A sizable group of the loans were originated during the U.S. housing boom. Mortgage giants Fannie Mae and Freddie Mac bought mortgage loans from banks like Citigroup in the run-up to the financial crisis. Fannie and Freddie teetered as the loans went bad, and they were effectively nationalized in 2008. The government has spent billions to keep Fannie and Freddie afloat.
Fannie and Freddie have since said that the banks misled them by not telling them the true condition of the mortgages they were buying. For several years, they have been demanding that the banks repurchase the mortgages.
The agreement between Citigroup and Fannie Mae covers claims for breaches of representations and warranties on 3.7 million loans. The deal doesn't release Citigroup's liability for servicing and other ongoing contractual obligations for the loans.
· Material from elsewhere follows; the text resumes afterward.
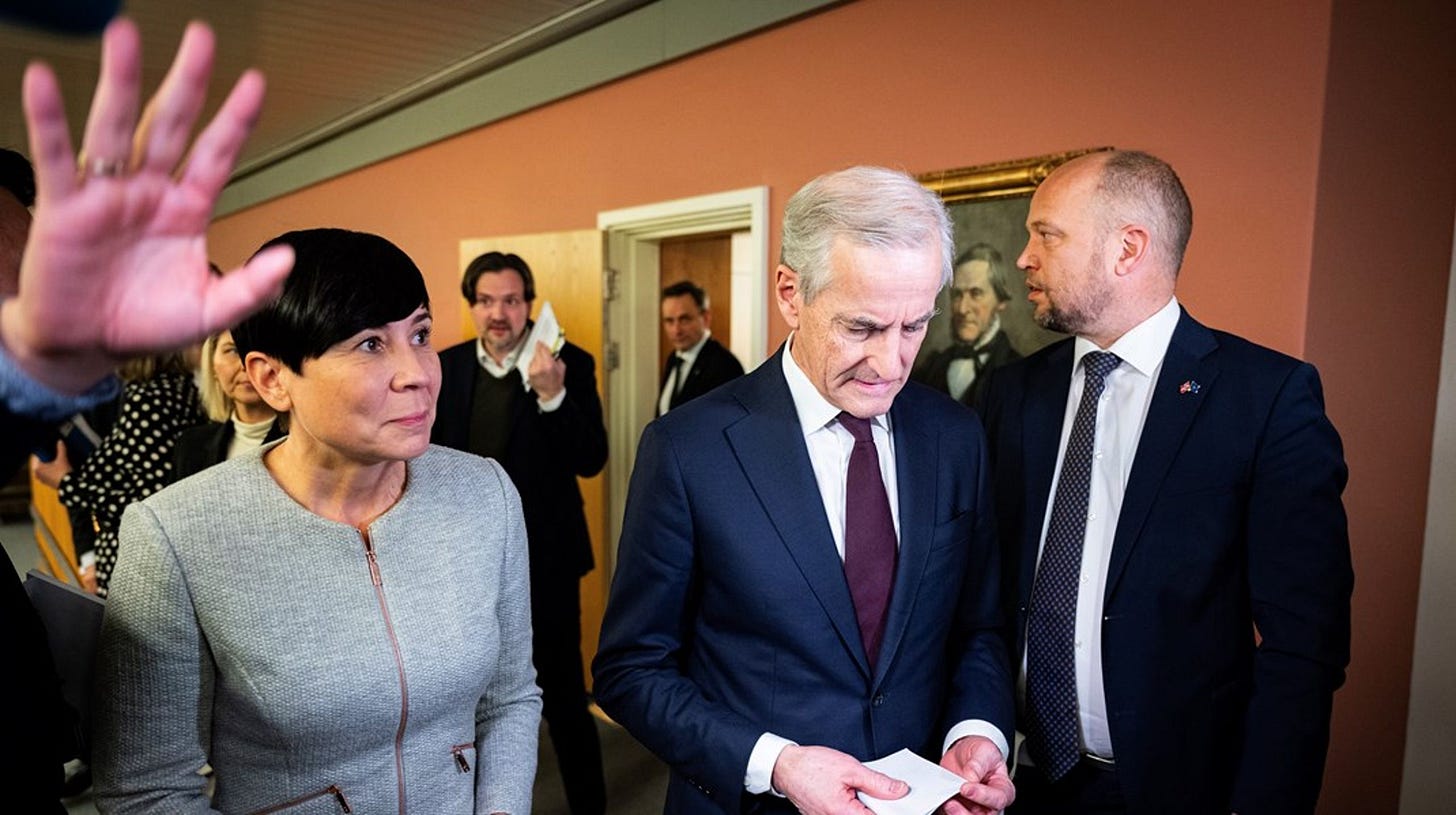 Ine Eriksen Søreide (H), Jonas Gahr Støre (Ap) og Trygve Slagsvold Vedum (Sp) erklærte at partiene på Stortinget er enige om å støtte Ukraina med minst 35 milliarder kroner i 2025.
Citigroup said that it is also still liable for a group of less than 12,000 loans originated between 2000 and 2012, including loans sold with a performance guaranty or under special credit enhancement programs.
The bank anticipates a $245 million residential mortgage reserve for its second quarter, consistent with reserves from recent quarters. Citigroup will report its quarterly results on July 15.
The New York company said it has adequate reserves for loans not covered by the agreement.
Citigroup Inc. said Monday that it will continue to work with Fannie Mae on buying back any mortgage loans sold to the government-controlled mortgage agency that don't meet its requirements.
Fannie Mae Executive Vice President and General Counsel Bradley Lerman said in a statement that the agency continues to work on resolving repurchase requests with other lenders.
In January, Bank of America reached an $11.6 billion settlement with Fannie Mae to settle claims resulting from mortgage-backed investments that soured during the housing crash.